Fractional T1
The fractional T1 is actually a whole T1. If you buy, for example, a half T1, the phone company can't actually give you a half a line, they give you a full T1 line and let you transmit and receive over 12 of the DS0 channels; the remaining channels just send 1s. Sound sneaky? It's not, really. After your fractional T1 gets to the telco, it's bundled with your neighbor's fractional T1 and actually fills a whole pipe internally (see Figure 2.5).
Figure 5 When purchasing a fractional T1, you actually get a whole T1. Think of the vertical columns as DS0 data pipes stacked 9 bits high. Some channels are available for data; the others (shaded) transmit nothing but 1s.
T3
T3 is equal to 28 T1 circuits. A T3 can carry 44.736Mbps. A DS3 is actually part of the Plesiochronous Digital Hierarchy (PDH) network (plesiochronous means "almost synchronous"). Individual calls cannot be teased out of a DS3 frame; rather, the entire frame must be decomposed to its original constituent DS1 frames before individual calls can be added or removed from the data stream.
What Is Plesiochronous?
Synchronous signals are sent in the lock-step of marching fascist troops.
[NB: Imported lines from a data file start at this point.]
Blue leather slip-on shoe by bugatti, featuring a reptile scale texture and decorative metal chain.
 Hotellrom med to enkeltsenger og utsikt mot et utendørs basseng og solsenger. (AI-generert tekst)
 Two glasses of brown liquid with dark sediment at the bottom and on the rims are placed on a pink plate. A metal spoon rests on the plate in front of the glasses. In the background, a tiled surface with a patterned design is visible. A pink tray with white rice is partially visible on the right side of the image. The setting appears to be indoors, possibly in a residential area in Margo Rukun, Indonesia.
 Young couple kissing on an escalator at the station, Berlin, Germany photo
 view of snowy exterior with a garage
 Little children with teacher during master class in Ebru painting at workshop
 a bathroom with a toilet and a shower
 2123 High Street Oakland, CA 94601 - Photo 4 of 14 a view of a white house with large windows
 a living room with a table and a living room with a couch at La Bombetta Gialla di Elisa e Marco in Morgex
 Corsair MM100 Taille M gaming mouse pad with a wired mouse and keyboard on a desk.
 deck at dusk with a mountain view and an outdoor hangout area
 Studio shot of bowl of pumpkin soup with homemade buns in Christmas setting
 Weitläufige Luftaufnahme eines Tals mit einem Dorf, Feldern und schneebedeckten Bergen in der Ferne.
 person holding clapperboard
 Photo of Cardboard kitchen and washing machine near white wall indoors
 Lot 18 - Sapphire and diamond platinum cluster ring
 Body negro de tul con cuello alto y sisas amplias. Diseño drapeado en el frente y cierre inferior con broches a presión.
The signals are clocked and governed by a super-accurate primary reference clock (PRC). This is usually an atomic clock. There is no room for deviation.
Plesiochronous signals are almost synchronous. They might be governed by two different atomic clocks. The signals are still very accurate, but nothing like synchronous. The difference between the two clocks is called the plesiochronous difference.
Asynchronous signals don't march in lock step at all.
Although PDH is the traditional method of multiplexing on T3s, it's being replaced by SONET (Synchronous Optical Network).